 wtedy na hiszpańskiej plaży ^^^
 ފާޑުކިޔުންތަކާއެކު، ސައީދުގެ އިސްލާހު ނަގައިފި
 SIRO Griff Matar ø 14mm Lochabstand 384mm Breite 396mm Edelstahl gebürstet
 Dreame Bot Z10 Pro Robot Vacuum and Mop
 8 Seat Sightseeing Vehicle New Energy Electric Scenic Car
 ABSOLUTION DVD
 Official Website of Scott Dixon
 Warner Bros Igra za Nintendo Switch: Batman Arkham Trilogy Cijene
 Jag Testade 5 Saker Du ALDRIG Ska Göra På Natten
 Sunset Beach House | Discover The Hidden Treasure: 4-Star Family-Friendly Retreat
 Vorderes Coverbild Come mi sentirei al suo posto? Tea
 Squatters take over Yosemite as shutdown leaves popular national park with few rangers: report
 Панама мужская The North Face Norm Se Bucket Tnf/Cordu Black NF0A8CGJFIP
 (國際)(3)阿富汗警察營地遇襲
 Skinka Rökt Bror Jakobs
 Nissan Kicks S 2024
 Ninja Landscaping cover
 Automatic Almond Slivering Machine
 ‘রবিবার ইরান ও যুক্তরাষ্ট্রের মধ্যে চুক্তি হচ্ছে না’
○ ○ ○ ○ ○ ○ ○
# TASK INSTRUCTIONS:
Begin at the line above that has "ABSOLUTION DVD" and stop after the line that has "Ninja Landscaping cover", copying each line exactly and adding nothing else.

# EXERCISE RESULT:
 ABSOLUTION DVD
 Official Website of Scott Dixon
 Warner Bros Igra za Nintendo Switch: Batman Arkham Trilogy Cijene
 Jag Testade 5 Saker Du ALDRIG Ska Göra På Natten
 Sunset Beach House | Discover The Hidden Treasure: 4-Star Family-Friendly Retreat
 Vorderes Coverbild Come mi sentirei al suo posto? Tea
 Squatters take over Yosemite as shutdown leaves popular national park with few rangers: report
 Панама мужская The North Face Norm Se Bucket Tnf/Cordu Black NF0A8CGJFIP
 (國際)(3)阿富汗警察營地遇襲
 Skinka Rökt Bror Jakobs
 Nissan Kicks S 2024
 Ninja Landscaping cover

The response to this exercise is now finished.